**Assignment**
Begin with the line below holding "Sequences can be" and go on through the line holding "DNA consists of", duplicating each line exactly and leaving out pictures.

**Given records**

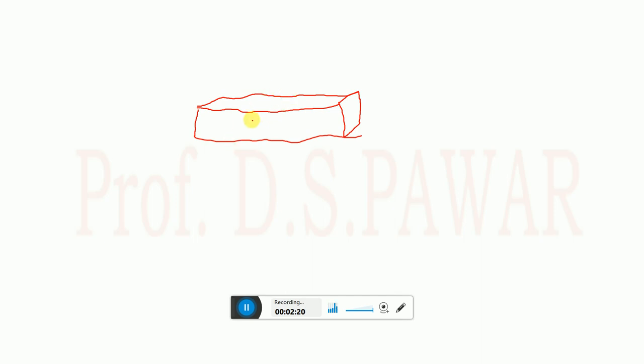If you cut the beam across its length, that section is called a transverse section — meaning if you cut the beam like this across its width, you get a cross-section like this.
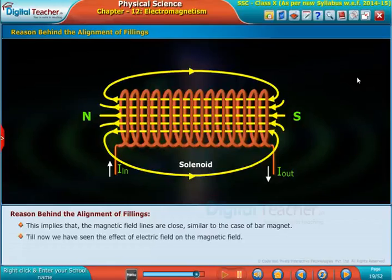Till now we have seen the effect of electric field on the magnetic field. Now let us know about the effect of magnetic field on the current-carrying wire.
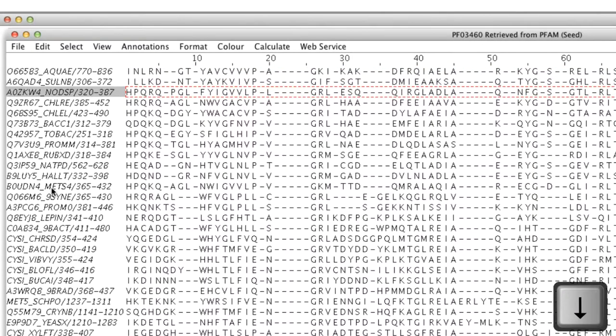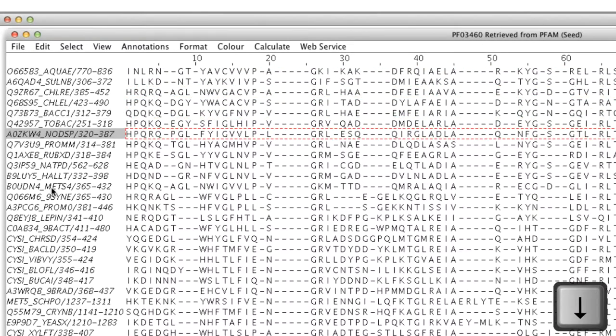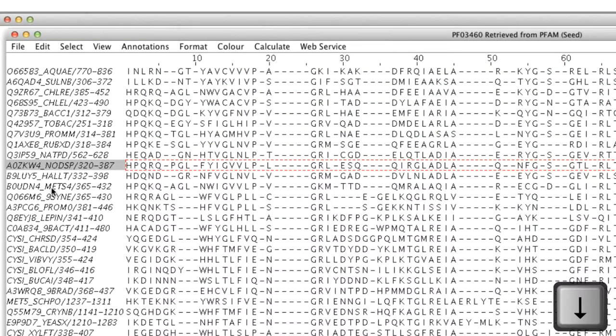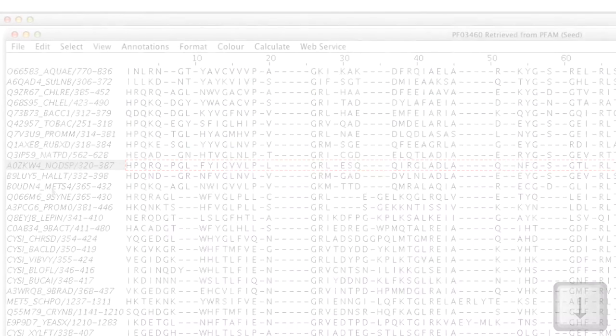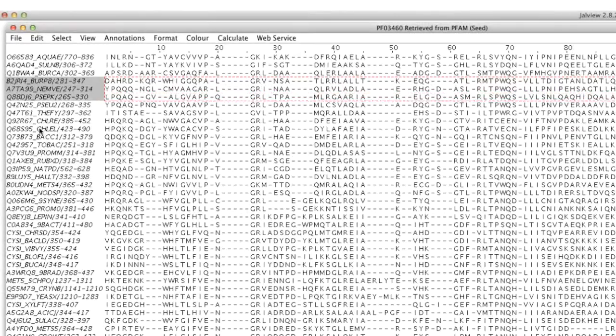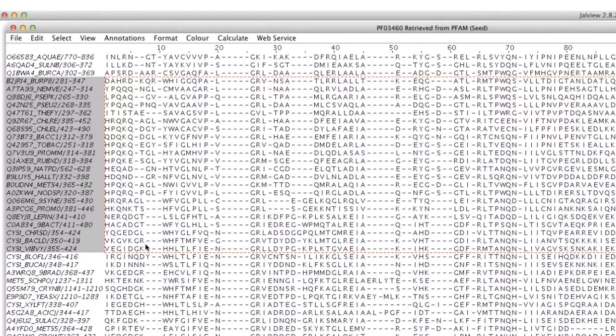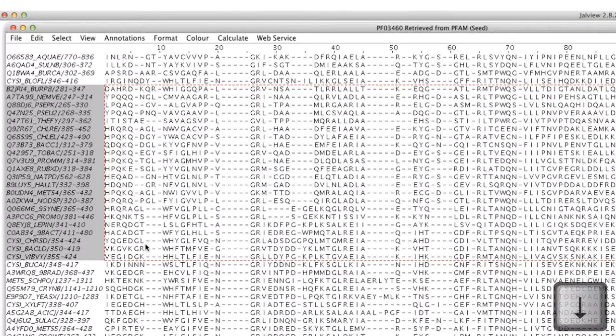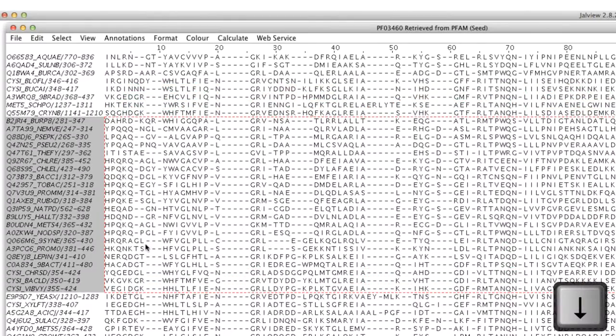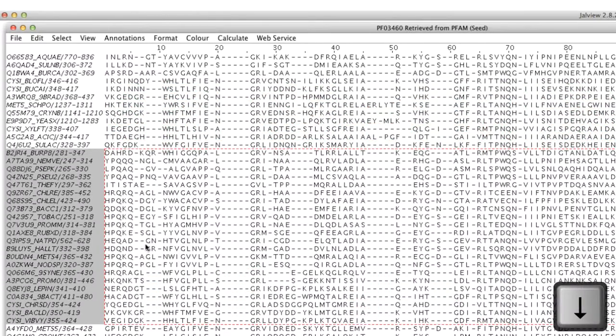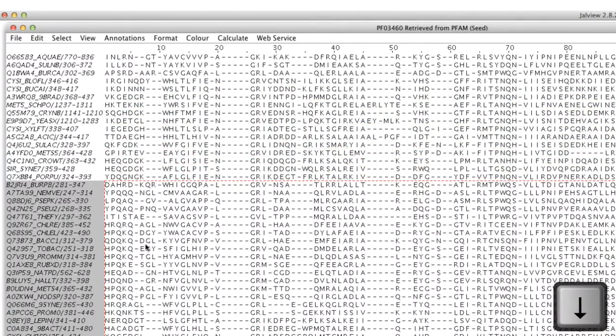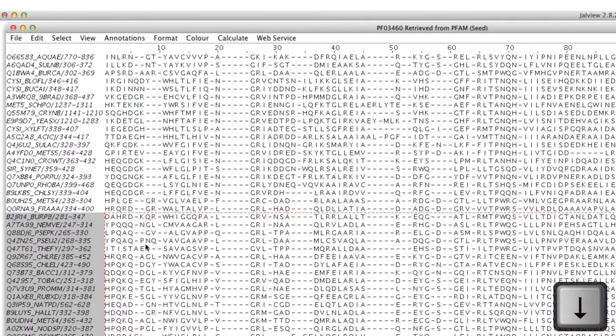Sequences can be moved down using the down arrow key. I can select multiple sequences by clicking and dragging on the Sequence ID panel using the left mouse button. This time I'm using the down key to move the sequences down the alignment.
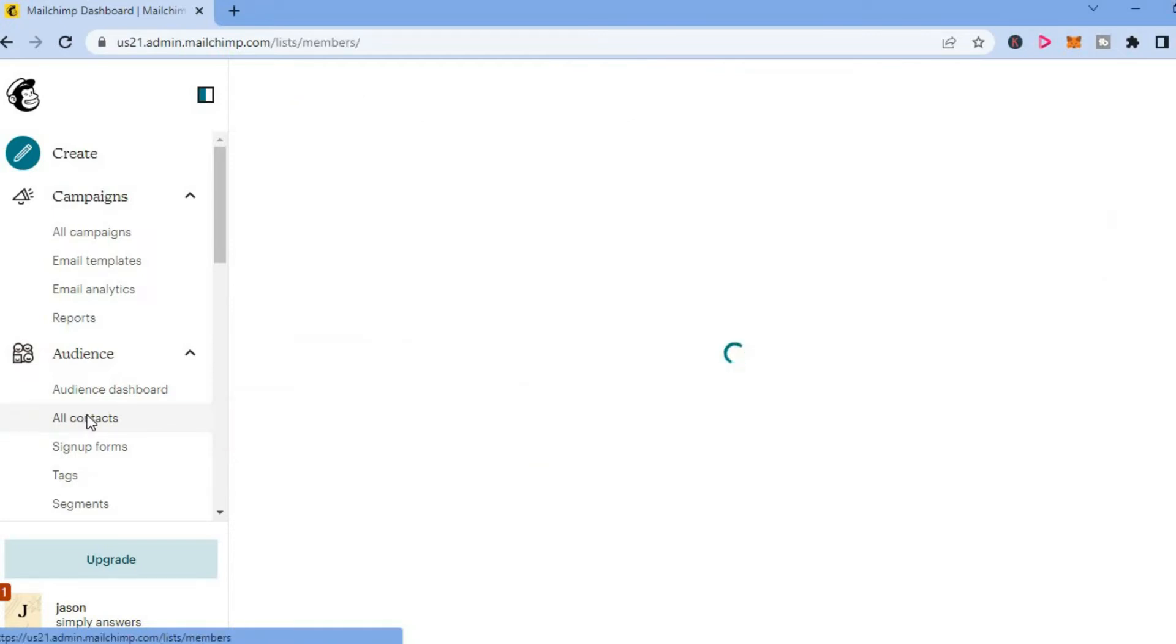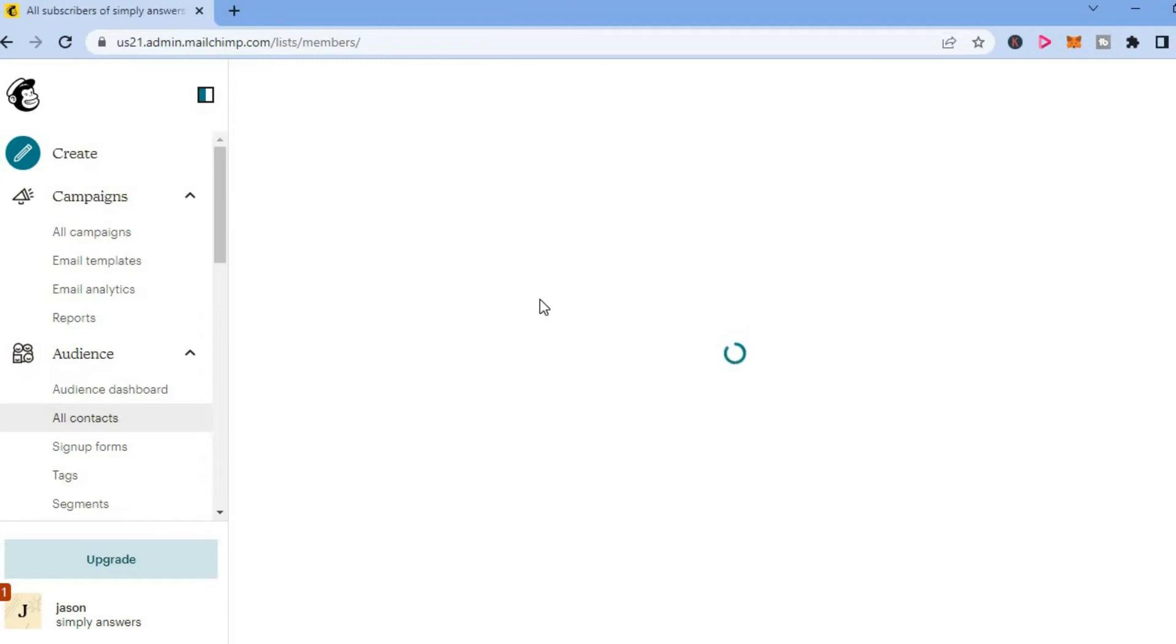After selecting All Contacts, you will be redirected to this page. From here, just give it a few seconds to load up.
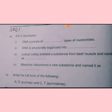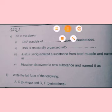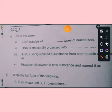DNA consists of which type of nucleotide? How many types of nucleotide does it contain? You have to remember that there are 4 types of nucleotide.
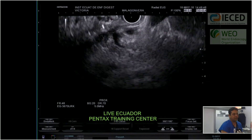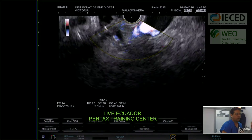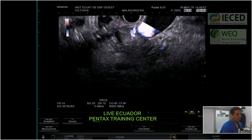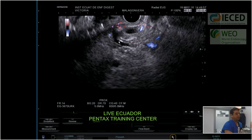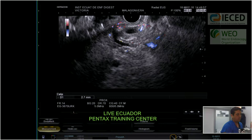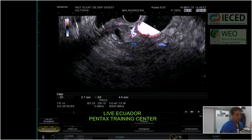We need to see if this patient doesn't have any other alteration, for example stones in the biliary tract. Here we are looking at the common biliary duct — it doesn't have any kind of lesion inside. This is the main pancreatic duct, showing some hyperechoic areas but no irregularity. The main pancreatic duct measures 2.7 millimeters, which is normal, and the common biliary duct is 4.5 millimeters, also without any alteration.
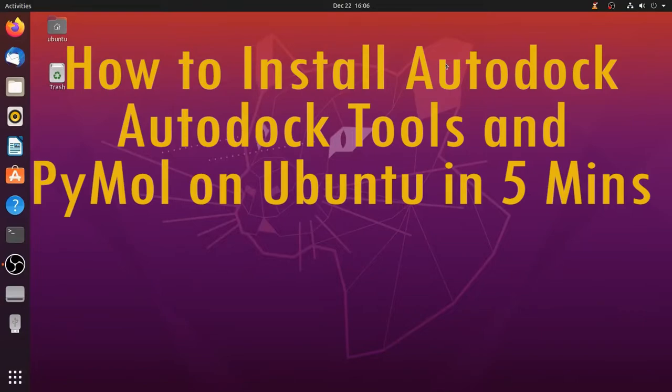Welcome everyone, today we are going to see how to install Autodock, Autodock Tools and PyMOL on Linux, specifically on Ubuntu.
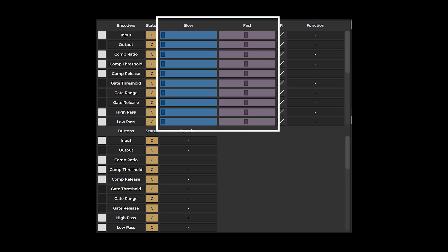The slow slider controls the minimum operating speed of the encoder, while the fast slider determines its maximum speed, allowing you to customize the range of responsiveness.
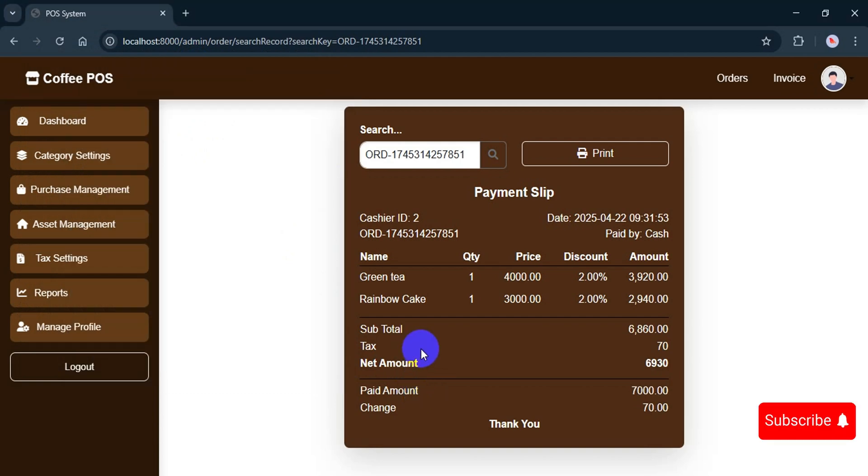That's all for today's video. In the next one, I will be showing the features available for cashier roles. So make sure to subscribe if you want to see more content like this. Thanks for watching and I'll see you in the next video.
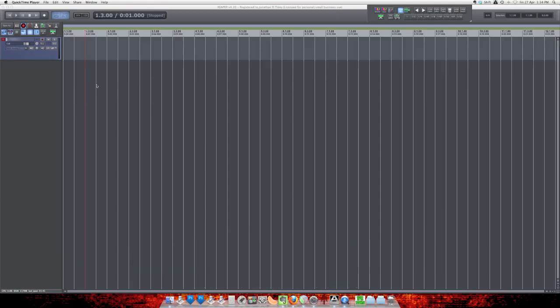Hey guys, this is John from The Reaper Blog. Today I have a little tip on how to get your metronome to show in the project window.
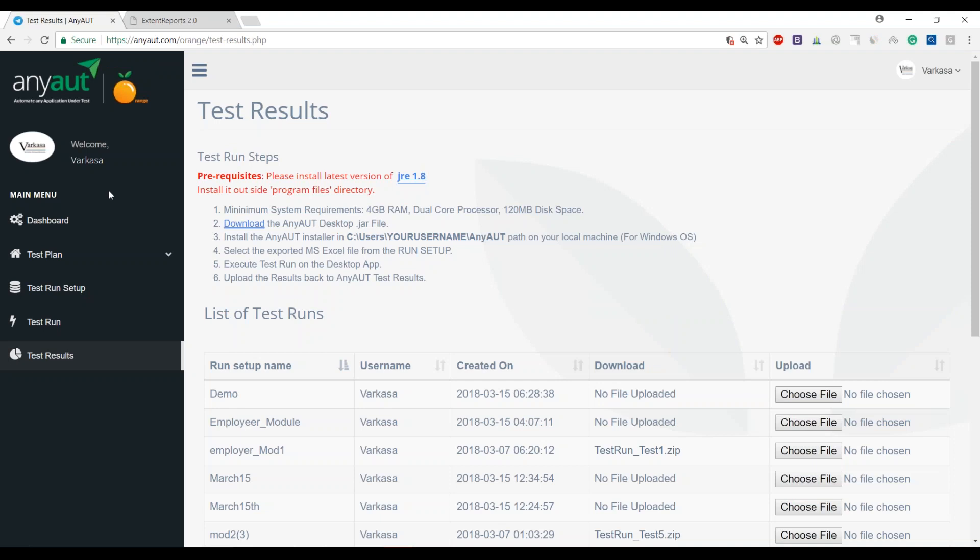At AnyAut, you're able to quickly execute your functional regression testing, manage your test suite, and also do automation runs at the same time. Hopefully this will be helpful for you to get started and play around with the tool. Thank you so much, take care, bye now.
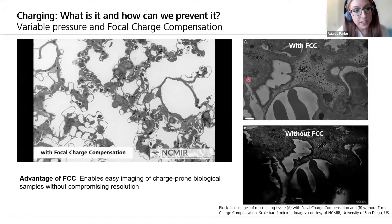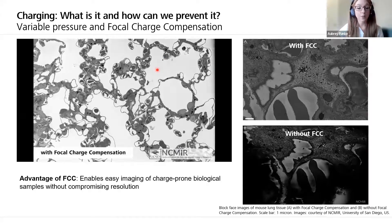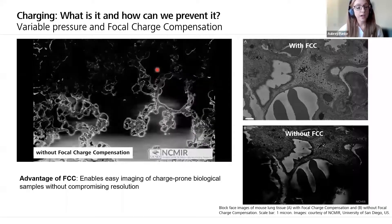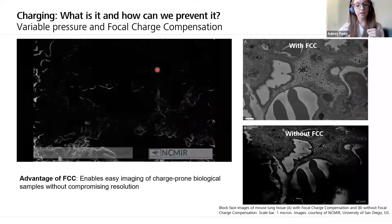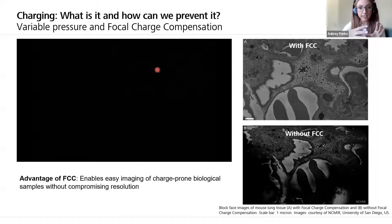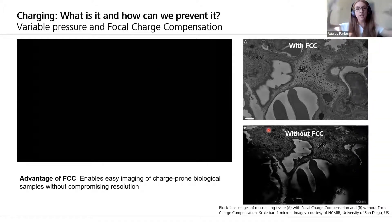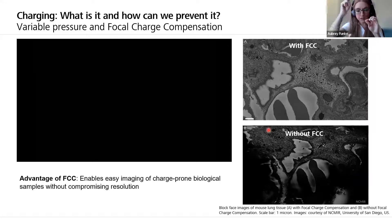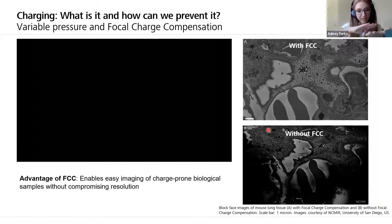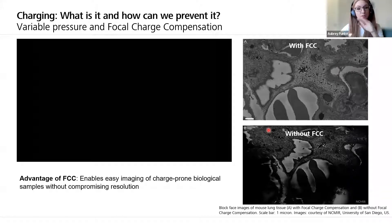Another way to address charging is focal charge compensation, or FCC. For samples like serial block face specimens with a lot of empty resin or open areas — such as in lung tissue — these are really prone to charging, specifically when they're low contrast. Similar to variable pressure but instead of affecting the entire sample chamber, it's directed just onto the sample itself. We use a little needle that directs nitrogen gas only onto the sample surface so we can cut away, get our image, cut away, get our image, with just that little bit of nitrogen right there on top to reduce that charging.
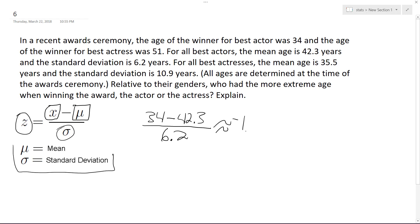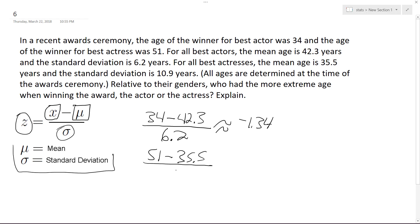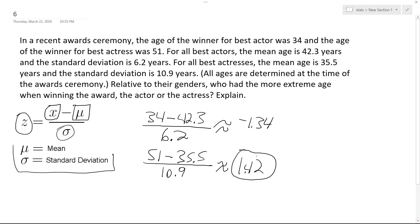Our next one is the actress, the female. She was 51 years of age, the mean is 35.5, and the standard deviation is 10.9 years, which gives us approximately 1.42. So in this instance, the actress has the more extreme age.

**Output for this task**
Sequences can be moved down using the down arrow key. I can select multiple sequences by clicking and dragging on the Sequence ID panel using the left mouse button. This time I'm using the down key to move the sequences down the alignment.
After selecting All Contacts, you will be redirected to this page. From here, just give it a few seconds to load up.
DNA consists of which type of nucleotide? How many types of nucleotide does it contain? You have to remember that there are 4 types of nucleotide.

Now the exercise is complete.